Many businesses are changing their operating model to allow their employees to work from home. Aside from the personal convenience and business benefits, working from home is also great for the environment. According to, if employees with the desire to work from home and compatible jobs that allowed for this were allowed to do so only half the time, the reduction in emissions would be the equivalent of eliminating automobile emissions from the workforce of the entire state of New York. Considering the stakes here, it is vital that we understand how exactly working from home helps us go green and how this can be applied.

Reduction of automobile emissions

Statistics by the United States Environmental Protection Agency (EPA) show that the transportation sector is responsible for about 14% of the total Global Emissions of greenhouse gases, which is a very significant percentage. If employees work from home, then the need to travel to and from their workplace every other day as well as other business trips are reduced considerably. While this may not eliminate the emissions from the transport sector altogether, it reduces the percentage. As indicated in the example above, a move to work from home by more businesses and industries cuts down automobile emissions to as much as those from an entire state.
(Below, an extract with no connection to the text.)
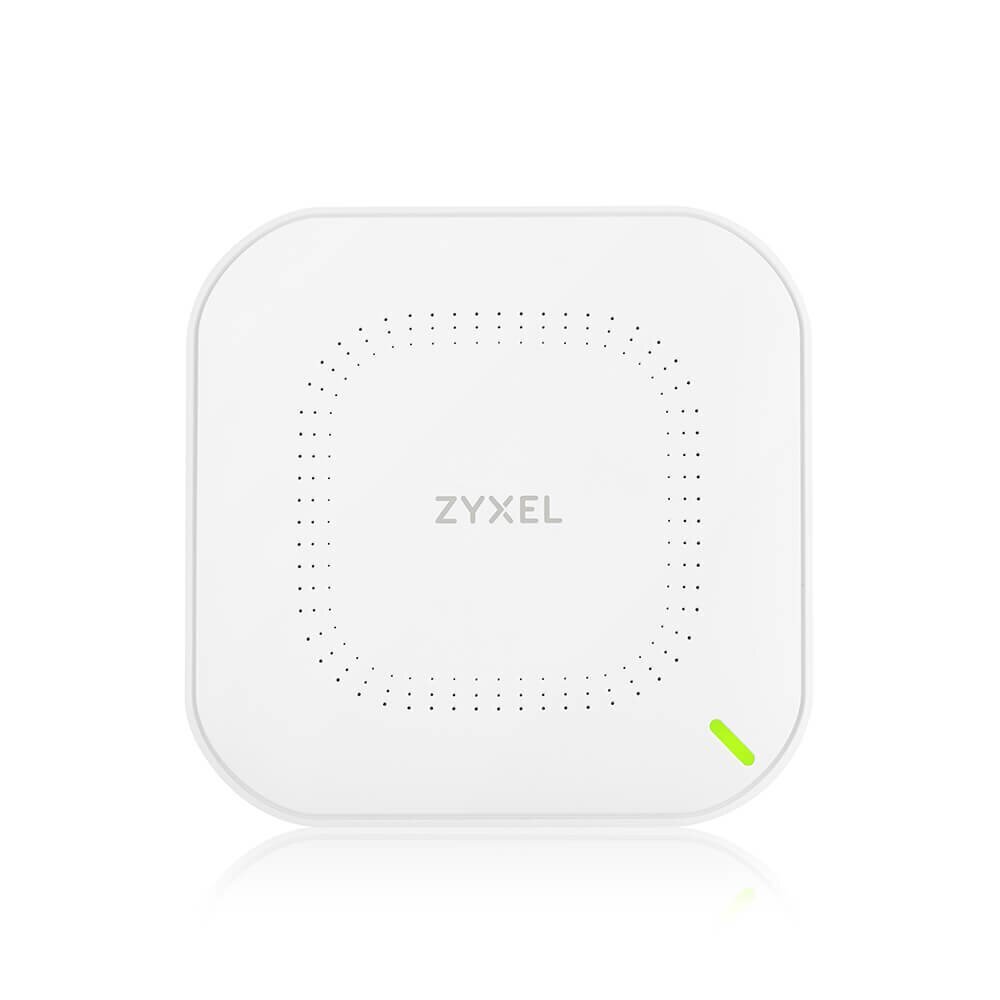 ZYXEL NWA1123ACV3, STANDALONE / NEBULAFLEX WIRELESS ACCESS POINT, SINGLE PACK INCLUDE POWER ADAPTOR, EUAND UK,ROHS hind ja info | Juhtmeta pöörduspunktid | hansapost.ee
Reduction of energy production and consumption

According to Eurostat, electricity, gas, steam and air conditioning accounted for as high as 26% of the Greenhouse gas emissions from the EU in 2014. EPA stats are also close at 25% of the total emissions. This makes energy production the single largest source of emissions. Working from home eliminates the need for large office spaces, which in turn reduces the need for electricity and heating. Similarly, the need for electrical office equipment and supplies, such as printers and computers, is also greatly reduced, which reduces the emissions from energy production in offices. Additionally, most households are now adopting green methods of energy production and implementing better ways of energy usage. The use of smart energy-efficient appliances also goes a long way in reducing the energy production and consumption levels from households. This, in turn, cuts down emissions from energy production from both the home and office fronts.

Reduced need for paper

Paper is also a huge source of emissions, considering that it is a carbon-based product. EPA stats show that carbon (IV) oxide from fossil fuel and industrial processes accounts for 65% of the total greenhouse gas emissions. Working from home is usually an internet-based operation, which means less paper and more cloud-based services. When everything is communicated electronically, the need for office paper is reduced considerably. Moreover, the cutting down of trees for the sake of paper production reduces. All these outcomes help reduce the emissions and individual carbon footprints.

Effective recycling

While businesses make an effort to recycle it is not as effective as homeowners. Consider everything from the water you drink to office supplies and equipment. While working from home, you have greater control over your environment. This means that you can easily implement proper recycling procedures. However, at the office, that control over your personal space and environment is taken away and the effectiveness of recycling techniques is reduced. Working from home is, therefore, a great way to go green and increase the adoption of proper recycling.


Even though the statistics are in favor of working from home to reduce emissions, note that this is dependent on the reduction of emissions from home. If the households are not green, then the emissions are not reduced in the least. For instance, if instead of installing a VPN in the router to keep the home office safe, an employee buys a standalone server and air gaps it, the energy consumption is not reduced but increased. Therefore, it is necessary that employees working from home go green if there is to be any hope of using this method of operation to cut down on the emissions.